As in the past, the festival took place in the historic Columned Hall of the House of Unions, an excellent and beautiful venue rarely used these days due to its high cost, but apparently affordable by the festival, with its budget of nearly 90 million rubles ($2.9 million) and funds generously supplied by the Russian presidential administration.
Unfortunately, I was unable to attend the concert of the Presidential Symphony Orchestra of Turkey, which was founded under the Ottoman Empire in 1826 and is one of the world’s oldest symphonic ensembles.

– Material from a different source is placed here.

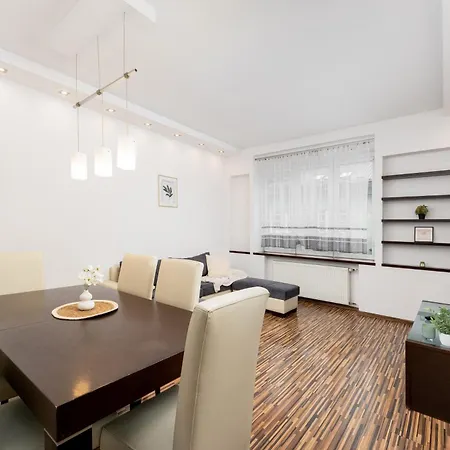 Komorowskiego Riverside By Bookinghost Apartment *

Among the four other “eastern” orchestras, the most outstanding proved to be South Korea’s Seoul Philharmonic, led by world-renowned pianist and conductor Chung Myung-whun. Chung is so far the only maestro to make a repeat appearance at the festival. The very first festival, in 2006, found him at the helm of the Paris-based Orchestre Philharmonique de Radio France, in a concert that I later judged to be the finest I had attended in Moscow that entire year.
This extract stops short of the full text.